计算机工程与应用 ›› 2025, Vol. 61 ›› Issue (14): 297-306.DOI: 10.3778/j.issn.1002-8331.2404-0251

• 图形图像处理 • 上一篇    下一篇

面向超像素块级记忆学习的视频异常检测

谢斌红,王乾,张睿,张英俊,陆望东   

  1. 1.太原科技大学 计算机科学与技术学院,太原 030024
    2.山西天河云计算有限公司,山西 吕梁 033000
  • 出版日期:2025-07-15 发布日期:2025-07-15

Superpixel Block-Level Memory Learning Oriented Video Anomaly Detection

XIE Binhong, WANG Qian, ZHANG Rui, ZHANG Yingjun, LU Wangdong   

  1. 1.School of Computer Science and Technology, Taiyuan University of Science and Technology, Taiyuan 030024, China
    2.Shanxi Tianhe Cloud Computing Co., LTD., Lyuliang, Shanxi 033000, China
  • Online:2025-07-15 Published:2025-07-15

摘要: 针对当前视频异常检测模型中网络泛化能力过强,导致某些异常帧也能被很好预测的问题,提出一种面向超像素块级记忆学习的视频异常检测方法(superpixel block-level memory learning oriented video anomaly detection,SBM-VAD)。
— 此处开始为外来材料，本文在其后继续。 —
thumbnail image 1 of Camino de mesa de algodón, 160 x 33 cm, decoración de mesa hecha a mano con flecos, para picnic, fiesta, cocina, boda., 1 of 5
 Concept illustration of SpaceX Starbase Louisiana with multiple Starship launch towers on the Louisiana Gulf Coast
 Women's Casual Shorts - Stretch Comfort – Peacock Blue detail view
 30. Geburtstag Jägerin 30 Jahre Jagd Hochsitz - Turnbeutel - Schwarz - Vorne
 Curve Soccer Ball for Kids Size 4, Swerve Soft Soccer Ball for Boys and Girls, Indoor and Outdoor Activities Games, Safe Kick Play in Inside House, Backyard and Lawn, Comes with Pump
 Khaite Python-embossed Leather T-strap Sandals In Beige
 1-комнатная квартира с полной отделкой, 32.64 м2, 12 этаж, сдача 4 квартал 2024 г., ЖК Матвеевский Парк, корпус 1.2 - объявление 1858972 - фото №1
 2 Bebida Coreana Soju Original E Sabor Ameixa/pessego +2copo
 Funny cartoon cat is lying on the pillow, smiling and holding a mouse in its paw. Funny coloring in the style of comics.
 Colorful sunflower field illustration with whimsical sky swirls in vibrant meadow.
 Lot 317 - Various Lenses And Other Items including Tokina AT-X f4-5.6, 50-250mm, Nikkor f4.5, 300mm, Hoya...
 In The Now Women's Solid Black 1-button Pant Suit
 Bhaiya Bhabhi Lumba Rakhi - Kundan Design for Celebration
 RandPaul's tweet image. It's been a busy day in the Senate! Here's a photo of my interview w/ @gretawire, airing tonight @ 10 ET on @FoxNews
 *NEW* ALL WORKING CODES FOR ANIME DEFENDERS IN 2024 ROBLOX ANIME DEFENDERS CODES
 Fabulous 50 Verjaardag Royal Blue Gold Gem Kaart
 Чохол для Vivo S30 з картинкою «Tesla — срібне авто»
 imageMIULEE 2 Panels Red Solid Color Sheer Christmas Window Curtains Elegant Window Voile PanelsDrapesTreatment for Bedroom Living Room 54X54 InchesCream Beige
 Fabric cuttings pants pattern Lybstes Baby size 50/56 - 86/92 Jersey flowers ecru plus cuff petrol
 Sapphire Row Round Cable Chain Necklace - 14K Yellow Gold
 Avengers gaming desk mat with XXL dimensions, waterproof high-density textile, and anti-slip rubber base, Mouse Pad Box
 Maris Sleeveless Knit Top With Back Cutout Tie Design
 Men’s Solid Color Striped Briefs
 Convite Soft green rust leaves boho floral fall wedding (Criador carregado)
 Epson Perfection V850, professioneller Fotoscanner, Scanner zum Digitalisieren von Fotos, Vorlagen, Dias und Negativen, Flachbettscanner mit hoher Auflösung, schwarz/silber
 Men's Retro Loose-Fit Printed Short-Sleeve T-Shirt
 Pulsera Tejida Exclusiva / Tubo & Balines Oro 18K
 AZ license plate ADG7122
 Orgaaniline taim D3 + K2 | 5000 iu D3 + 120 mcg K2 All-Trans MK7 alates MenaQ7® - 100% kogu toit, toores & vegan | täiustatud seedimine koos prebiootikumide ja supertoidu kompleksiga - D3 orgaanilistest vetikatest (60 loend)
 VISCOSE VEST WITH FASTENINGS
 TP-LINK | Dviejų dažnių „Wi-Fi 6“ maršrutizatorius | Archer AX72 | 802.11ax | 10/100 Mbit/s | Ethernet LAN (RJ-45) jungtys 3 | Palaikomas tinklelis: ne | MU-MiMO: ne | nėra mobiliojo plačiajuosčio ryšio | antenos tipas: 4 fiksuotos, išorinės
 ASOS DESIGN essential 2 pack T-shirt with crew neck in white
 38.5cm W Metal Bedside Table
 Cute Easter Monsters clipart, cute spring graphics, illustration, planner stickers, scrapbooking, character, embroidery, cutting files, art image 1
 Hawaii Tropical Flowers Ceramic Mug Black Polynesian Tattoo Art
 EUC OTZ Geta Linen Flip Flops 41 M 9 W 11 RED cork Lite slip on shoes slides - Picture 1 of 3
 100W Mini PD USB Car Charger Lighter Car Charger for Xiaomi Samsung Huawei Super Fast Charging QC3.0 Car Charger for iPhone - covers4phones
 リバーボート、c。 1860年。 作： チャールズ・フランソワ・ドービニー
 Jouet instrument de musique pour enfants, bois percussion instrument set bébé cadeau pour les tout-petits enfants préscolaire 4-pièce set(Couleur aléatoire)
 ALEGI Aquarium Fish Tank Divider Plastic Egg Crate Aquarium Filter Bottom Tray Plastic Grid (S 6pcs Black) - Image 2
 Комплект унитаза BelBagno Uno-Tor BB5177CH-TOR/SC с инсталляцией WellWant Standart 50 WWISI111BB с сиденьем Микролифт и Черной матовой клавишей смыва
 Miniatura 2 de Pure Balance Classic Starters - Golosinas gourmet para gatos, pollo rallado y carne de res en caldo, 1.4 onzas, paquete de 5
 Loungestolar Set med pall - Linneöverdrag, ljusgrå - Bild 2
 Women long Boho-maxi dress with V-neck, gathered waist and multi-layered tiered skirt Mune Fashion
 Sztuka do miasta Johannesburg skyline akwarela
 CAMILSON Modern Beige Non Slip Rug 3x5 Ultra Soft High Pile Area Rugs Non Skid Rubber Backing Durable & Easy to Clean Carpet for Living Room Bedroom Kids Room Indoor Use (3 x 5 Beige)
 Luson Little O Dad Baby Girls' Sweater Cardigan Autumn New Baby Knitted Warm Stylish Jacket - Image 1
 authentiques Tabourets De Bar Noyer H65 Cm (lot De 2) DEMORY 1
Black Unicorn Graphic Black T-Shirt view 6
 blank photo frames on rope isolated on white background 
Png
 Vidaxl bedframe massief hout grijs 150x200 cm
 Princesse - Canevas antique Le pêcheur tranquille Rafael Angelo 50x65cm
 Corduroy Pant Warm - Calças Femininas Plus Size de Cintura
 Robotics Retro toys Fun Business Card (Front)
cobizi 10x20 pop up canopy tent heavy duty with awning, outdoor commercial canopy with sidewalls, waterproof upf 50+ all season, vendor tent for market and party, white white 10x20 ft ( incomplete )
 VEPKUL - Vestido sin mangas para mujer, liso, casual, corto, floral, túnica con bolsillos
通过超像素分割算法SLIC调整特征图的分割粒度,以在实时原型记忆库(real-time prototype memory bank,RTPMB)中存储更精细的原型粒度,从而增强正常帧与异常帧在特征表示中的区分性。在U-Net预测网络的每层跳跃连接处引入一个与分割大小相匹配的实时原型记忆库,以避免模型学习输入到输出的恒等映射,有效约束传入解码器的特征。此外,采用一种基于软注意力策略的信号去噪模块(signal denoising module,SDM),引导模型优先学习预测前景区域,从而获得具有高质量前景的预测帧。在UCSD、CUHK Avenue和Shanghai Tech公开数据集上进行实验验证,结果表明改进后的模型在异常检测能力和效果方面均有显著提升。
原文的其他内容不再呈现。